*** Opening of Data ***

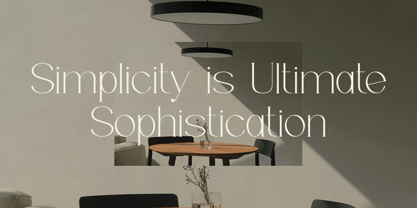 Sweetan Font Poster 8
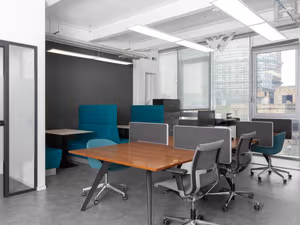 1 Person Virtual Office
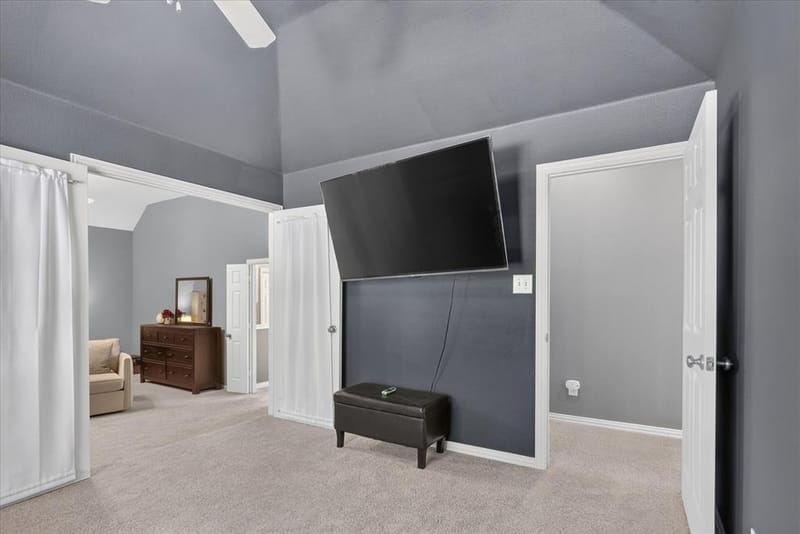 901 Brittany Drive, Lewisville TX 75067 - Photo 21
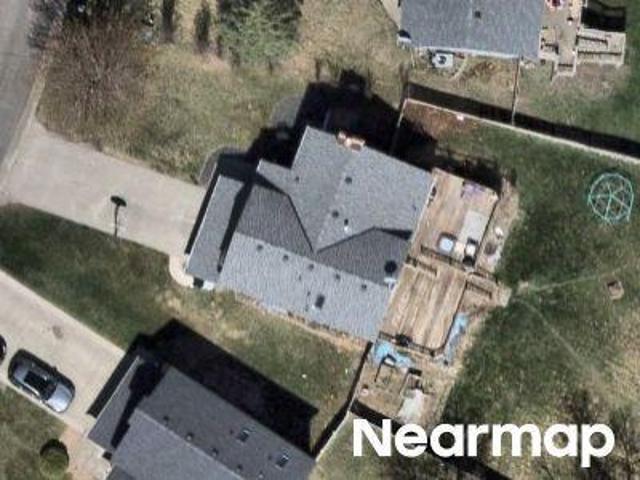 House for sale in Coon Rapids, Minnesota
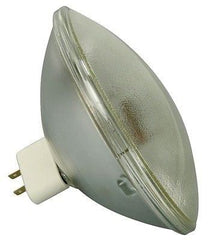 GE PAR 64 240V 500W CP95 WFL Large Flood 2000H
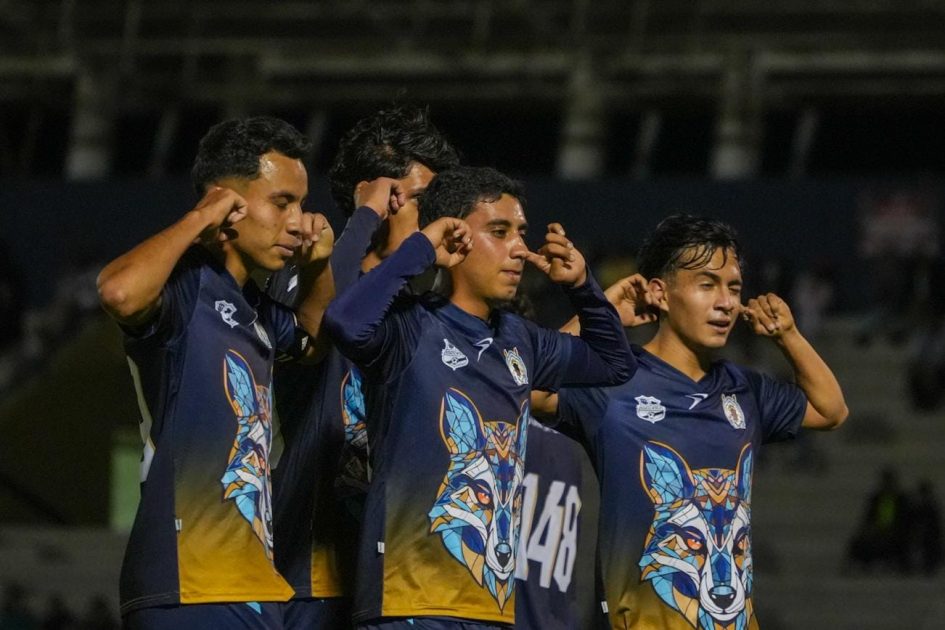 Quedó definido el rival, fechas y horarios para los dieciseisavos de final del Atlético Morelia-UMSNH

*** Close of Data ***
*** Opening of Data ***

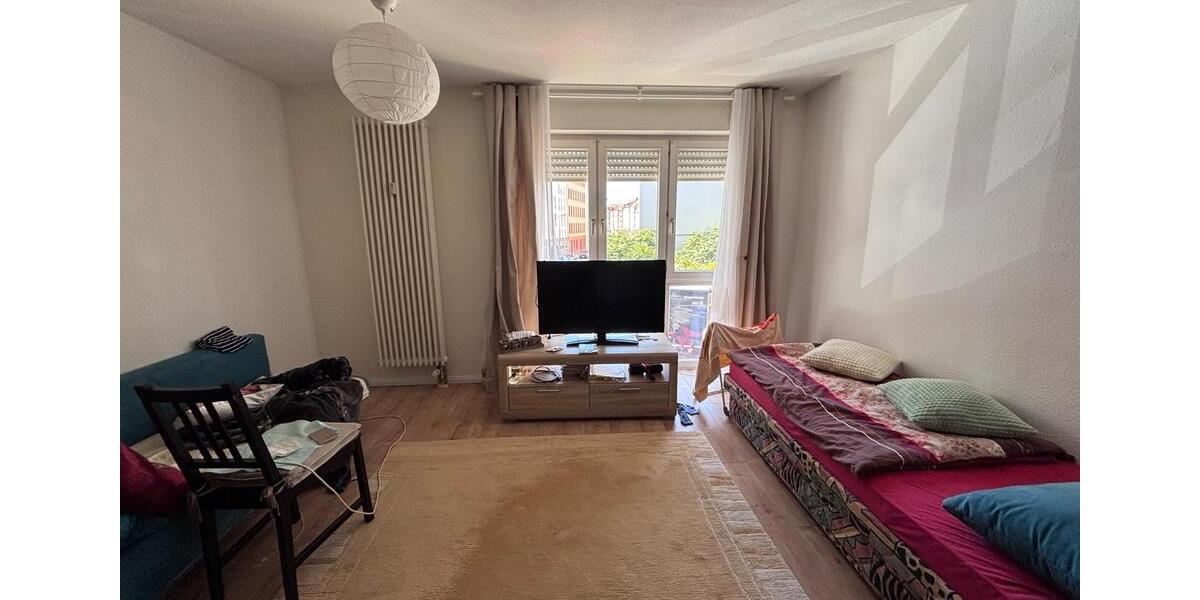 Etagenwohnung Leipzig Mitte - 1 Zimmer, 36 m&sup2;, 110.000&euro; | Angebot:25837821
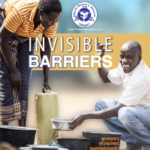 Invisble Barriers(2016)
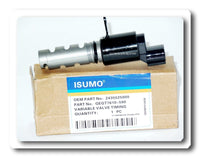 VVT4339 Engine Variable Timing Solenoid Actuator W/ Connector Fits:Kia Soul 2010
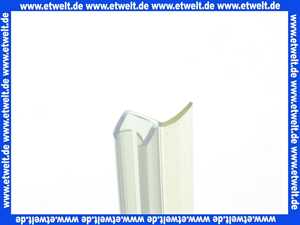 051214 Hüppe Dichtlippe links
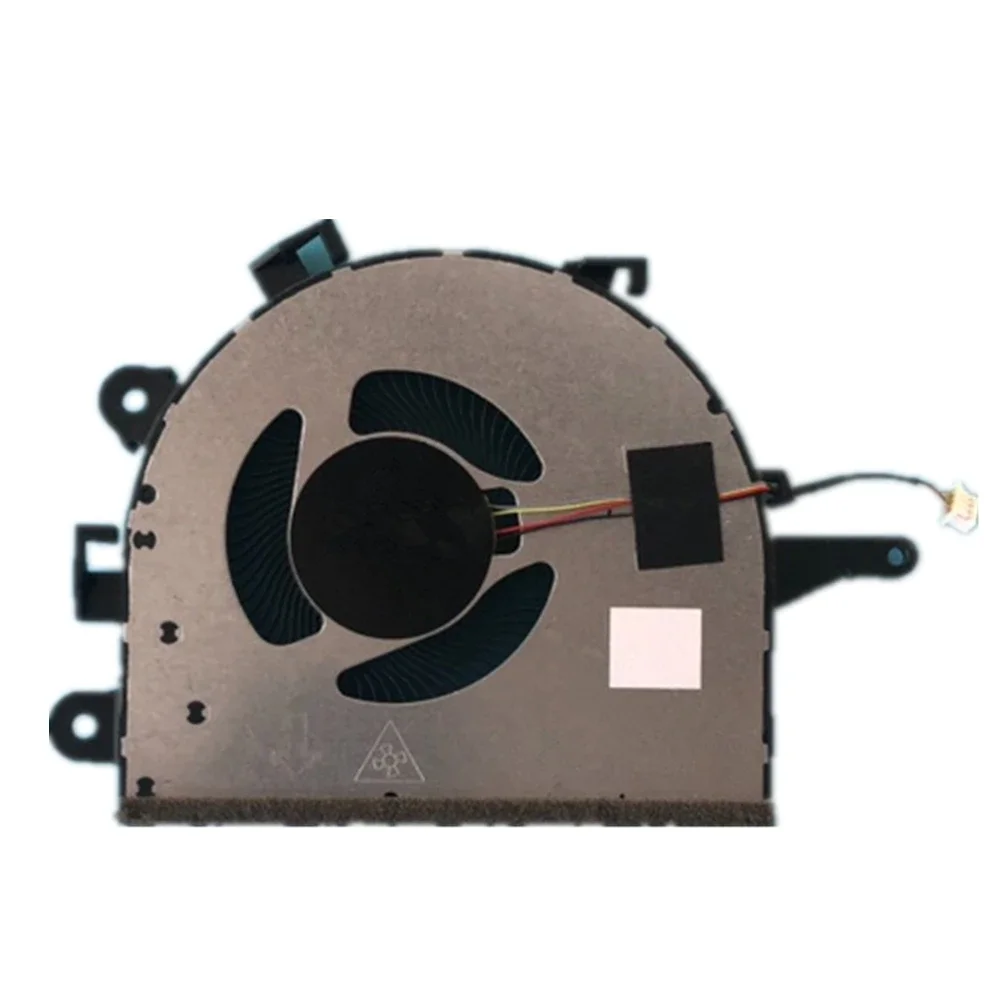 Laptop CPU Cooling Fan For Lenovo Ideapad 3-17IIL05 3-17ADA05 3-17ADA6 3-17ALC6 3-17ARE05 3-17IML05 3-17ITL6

*** Close of Data ***
*** Opening of Data ***

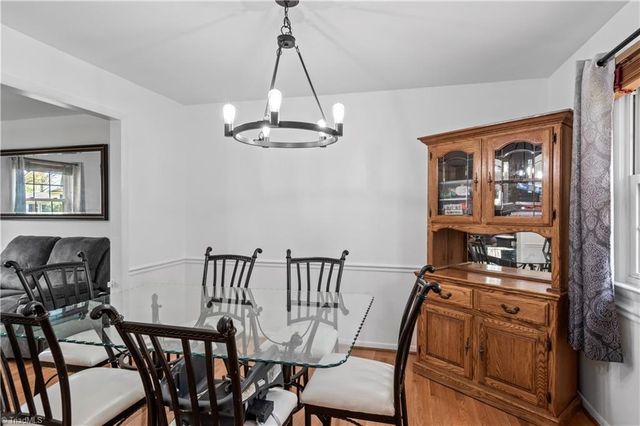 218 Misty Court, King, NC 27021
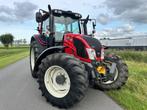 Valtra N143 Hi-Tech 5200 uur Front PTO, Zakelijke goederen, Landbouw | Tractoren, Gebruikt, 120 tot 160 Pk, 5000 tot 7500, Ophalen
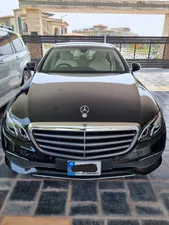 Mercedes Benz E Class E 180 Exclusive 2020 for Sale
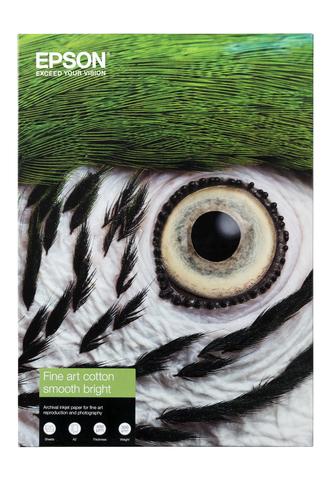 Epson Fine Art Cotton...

*** Close of Data ***

- Exercise -
Look above for the line with "VVT4339 Engine Variable" and the line with "Laptop CPU Cooling", then copy exactly the lines from the first through the second, both kept, with no pictures.

- Result -
 VVT4339 Engine Variable Timing Solenoid Actuator W/ Connector Fits:Kia Soul 2010
 051214 Hüppe Dichtlippe links
 Laptop CPU Cooling Fan For Lenovo Ideapad 3-17IIL05 3-17ADA05 3-17ADA6 3-17ALC6 3-17ARE05 3-17IML05 3-17ITL6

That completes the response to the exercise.